Короче, Воинову удалось уговорить Вицина сыграть Бальзаминова, в результате чего наш кинематограф обогатился ещё одной прекрасной работой. Фильм снимался в Суздале, который в те годы ещё хранил в себе черты столетней давности. В городе не было никаких производств, работала только молочная фабрика: там делали сгущённое молоко, творог, сметану. Дома были почти сплошь деревянные, покосившиеся, с неизменными старушками на лавочках. В городе была всего одна гостиница — трёхэтажная, никудышная, с одним туалетом на этаже и окнами, выходящими на рынок. Гостиница была столь непритязательной, что актёрам приходилось жить в жуткой тесноте — втроём в одном номере. К примеру, Вицин делил номер с режиссёром Воиновым и оператором, своим тёзкой, Георгием Куприяновым. В других номерах обитал женский состав картины: Лидия Смирнова, Людмила Шагалова, Татьяна Конюхова, Надежда Румянцева, Екатерина Савинова, Инна Макарова.
Вспоминает Л. Смирнова:
«Мы играли прямо в старых торговых рядах. Водрузили вывески с буквой „ять“ на чайных, сапожных палатках, убрали столбы с проводами, а всё прочее осталось. Извозчик, нищий, собака — всё было как в XIX веке. На площади снималась финальная сцена, когда Вицин пляшет под потрясающую музыку Бориса Чайковского — знаменитую полечку. Танец, конечно, придумал Воинов. В рубашке нараспашку, в дикую жару, Воинов показывал Гоше Вицину, как надо танцевать.
Так же он показывал Мордюковой, как она должна целовать Вицина возле забора…»
Эпизод, когда героиня Мордюковой купчиха Белотелова целует взасос Бальзаминова—Вицина, — один из самых сильных в картине. Сам Г. Вицин вспоминает об этом так: «Напрасно волнуются мужья и жены артистов по поводу любовных и эротических сцен. Там переживаний никаких. Мордюкова даже сказала мне после съёмок: „Разве ты мужик? Не пьёшь, не куришь, к женщинам не пристаёшь. Ты труп“. Она ведь любит, чтоб сесть, выпить и у-ух! А я такой хватки и бешеного темперамента боюсь».
Таким образом, страх и смятение, которые были написаны на лице актёра в этом эпизоде, были не наигранными, а самыми что ни на есть настоящими.
Кино и театр были не единственными способами творческого самовыражения Вицина. В 50–60-е годы он активно работал в мультипликации (его голосом говорили десятки самых разных персонажей), выступал в сборных концертах от Бюро кинопропаганды.

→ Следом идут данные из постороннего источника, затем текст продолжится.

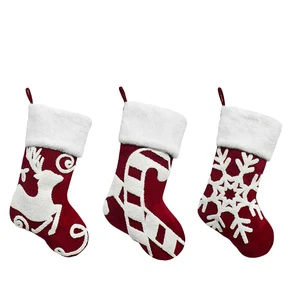 2026 Xmas Gift Custom Embroidery Farmhouse Velvet Snowman Santa Plush Big Candy Bag Eco-Friendly Soft 17inch Kids Cartoon Red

На этих концертах он обычно читал прозу, в особенности рассказы Михаила Зощенко.
Г. Вицин вспоминает: «Зощенко — замечательный писатель, мой любимый, но он не актёр. Он очень ярко писал образы, видел их, наблюдал. Однажды я слышал его в Колонном зале, когда был мальчишкой. А надо сказать, что тогда гремел на рассказах Зощенко Хенкин Владимир Яковлевич — большой комик. И вдруг объявляют, что после Хенкина выступит сам Михал Михалыч. Вышел такой скромный, немножко прихрамывающий человек. Я так по-мальчишески думал: вот это да! вот сейчас смеху будет! И представляете — тишина. Ни одного хихиканья, как будто я пришёл на панихиду. Он ушёл под стук собственных каблуков. Я растерялся и ничего не понял. Помню только, что он читал СЕРЬЁЗНО, как поэт. Нараспев, на одной интонации, словно молебен. Так Вознесенский первое время читал свои стихи. Поэтому я Зощенко не то чтоб переделываю, я его очень хорошо чувствую. И люблю что-то доигрывать. Например, драка в коммунальной квартире: у Зощенко жиличку зовут Анна Пищалова. А я прекрасно знаю коммунальные квартиры — жил там в течение первых пятидесяти лет. (Вицин одно время жил в Спасоналивковском переулке, затем в Кривоколенном, после чего переехал в Староконюшенный. —
В 1967 году Вицин вновь явился перед взорами зрителя в образе Труса — на этот раз в комедии Л. Гайдая «Кавказская пленница». Как вспоминал Ю. Никулин, Гайдай ещё во время работы над «Операцией „Ы“» считал, что тройка себя изживает и большие отдельных фильмов он с ней снимать не собирается. Однако популярность этих масок была настолько огромной, что он решил всё-таки вновь реанимировать тройку.